Un défi technologique

Le canal Seine-Nord Europe bénéficiera d'une série d'équipements parfois particulièrement élaborés : six écluses – dont deux se caractérisent par une hauteur de chute de plus de 25 mètres –, trois ponts-canaux, 62 ponts routiers et ferroviaires, une retenue d'eau de 14 millions de mètres cubes, 10 quais à vocations économiques, quatre ports intérieurs… Il traversera 64 communes des Hauts-de-France.

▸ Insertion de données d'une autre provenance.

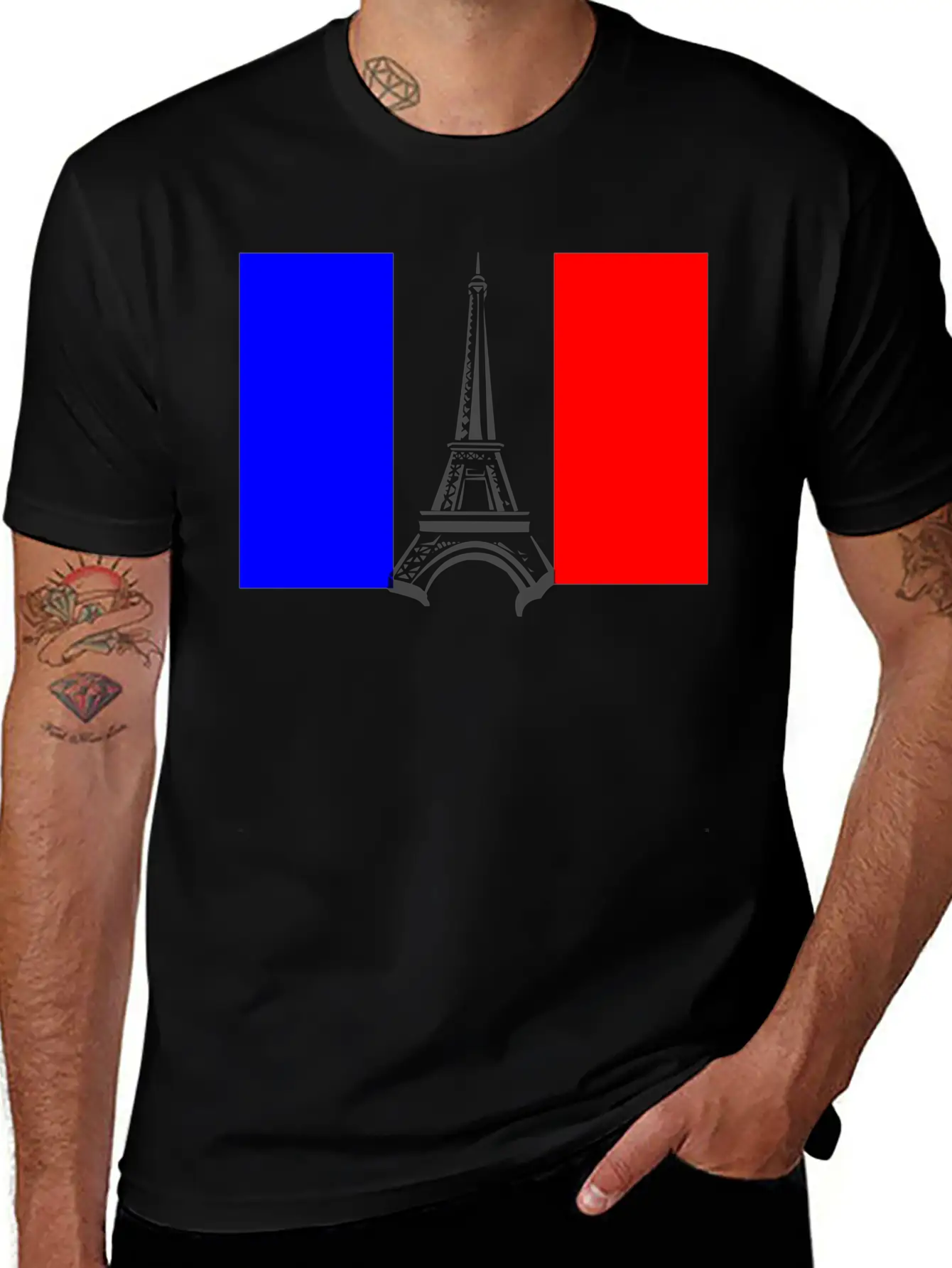 Eiffel Tower Flag Stylish Everyday T-Shirt – Unisex Basic Cotton Tee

Voie d'eau à grand gabarit, le canal Seine-Nord Europe pourra accueillir des péniches mesurant jusqu'à 185 mètres de long et 11,40 mètres de large, capables de transporter 4 400 tonnes de marchandises, soit l'équivalent de 220 camions. De quoi acheminer 17 millions de tonnes de fret par an, du bassin parisien vers le nord de l'Europe, en passant par les Hauts-de-France, les ports de Dunkerque, du Havre et de Rouen notamment, tout en allégeant le trafic routier d'un million de poids lourds en France et de 2,3 millions de camions à l'échelle européenne. Le transport fluvial affichant un bilan carbone 3 à 5 fois inférieur à celui du transport routier, l'économie de CO2 sur quarante ans, s'élèverait à plus de 50 millions de tonnes. Les impacts des travaux devraient ainsi être absorbés par les bénéfices de l'infrastructure au cours des neuf premières années d'exploitation.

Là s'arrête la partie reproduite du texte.